Provided material START
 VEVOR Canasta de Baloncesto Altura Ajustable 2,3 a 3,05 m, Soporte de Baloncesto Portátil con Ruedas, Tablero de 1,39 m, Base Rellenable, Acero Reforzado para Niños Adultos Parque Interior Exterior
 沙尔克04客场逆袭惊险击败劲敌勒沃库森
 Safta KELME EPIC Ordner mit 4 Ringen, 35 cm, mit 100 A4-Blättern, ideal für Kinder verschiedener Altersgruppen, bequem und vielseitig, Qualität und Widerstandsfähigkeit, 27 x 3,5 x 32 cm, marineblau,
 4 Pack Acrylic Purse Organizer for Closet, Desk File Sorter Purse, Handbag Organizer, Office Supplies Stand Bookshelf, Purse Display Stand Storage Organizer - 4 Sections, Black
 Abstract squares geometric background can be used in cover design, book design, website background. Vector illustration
Provided material END
Provided material START
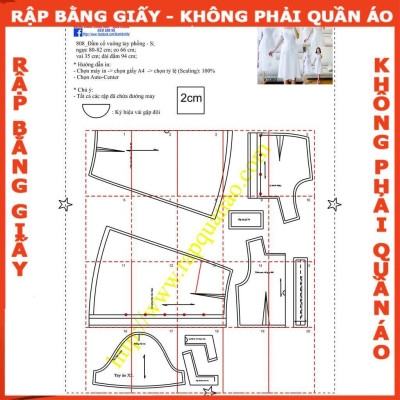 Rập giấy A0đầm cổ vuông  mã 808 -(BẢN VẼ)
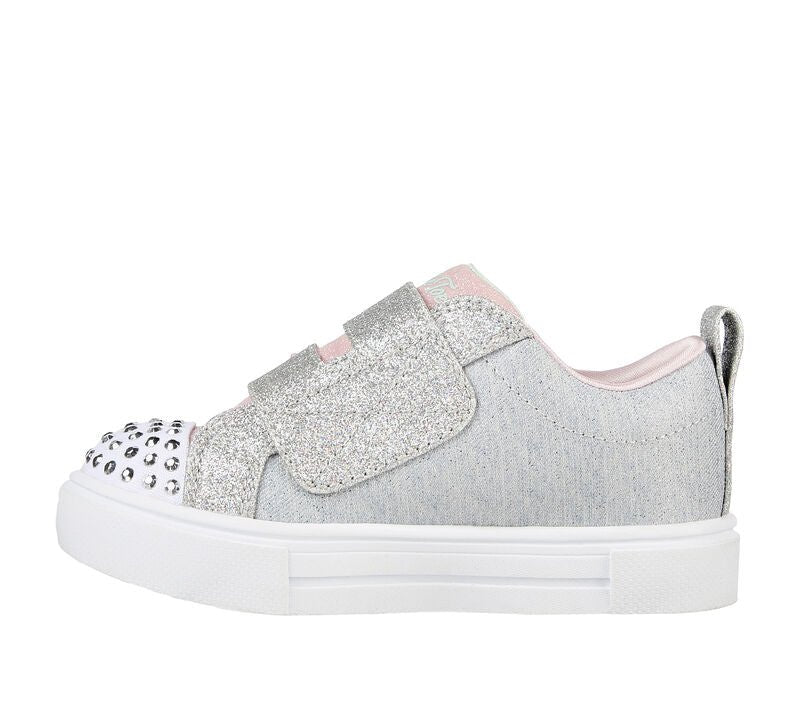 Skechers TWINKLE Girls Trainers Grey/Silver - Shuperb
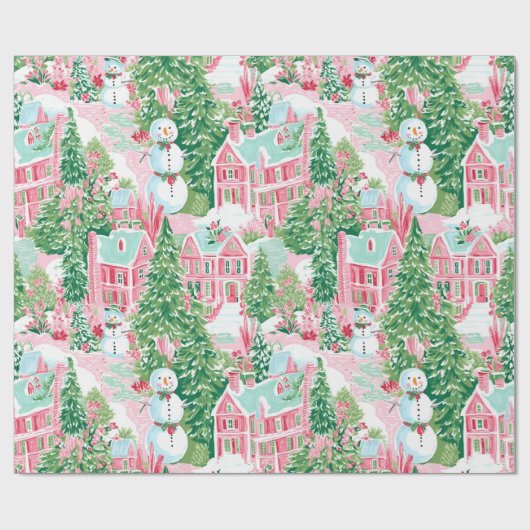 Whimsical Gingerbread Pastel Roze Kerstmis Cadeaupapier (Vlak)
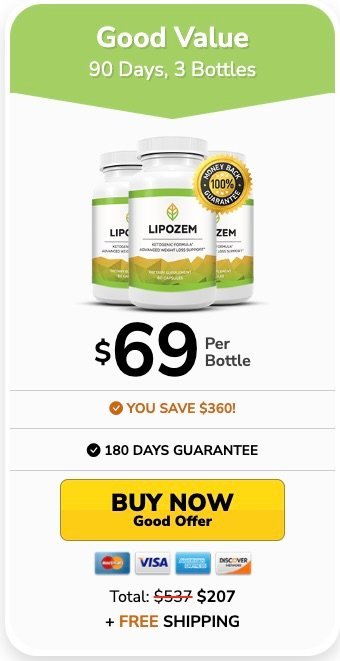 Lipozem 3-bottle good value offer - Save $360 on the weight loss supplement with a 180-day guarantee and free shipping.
Provided material END
Provided material START
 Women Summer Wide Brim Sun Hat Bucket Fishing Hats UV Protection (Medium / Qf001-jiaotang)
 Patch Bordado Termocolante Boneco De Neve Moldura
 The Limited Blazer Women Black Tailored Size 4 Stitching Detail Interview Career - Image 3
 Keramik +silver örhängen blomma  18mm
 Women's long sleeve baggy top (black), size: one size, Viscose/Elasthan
Provided material END
Problem description: Using the entries above, give again exactly the lines from the line holding "Women Summer Wide" through the line holding "Women's long sleeve". Include both end lines and nothing else.

Exercise result:
 Women Summer Wide Brim Sun Hat Bucket Fishing Hats UV Protection (Medium / Qf001-jiaotang)
 Patch Bordado Termocolante Boneco De Neve Moldura
 The Limited Blazer Women Black Tailored Size 4 Stitching Detail Interview Career - Image 3
 Keramik +silver örhängen blomma  18mm
 Women's long sleeve baggy top (black), size: one size, Viscose/Elasthan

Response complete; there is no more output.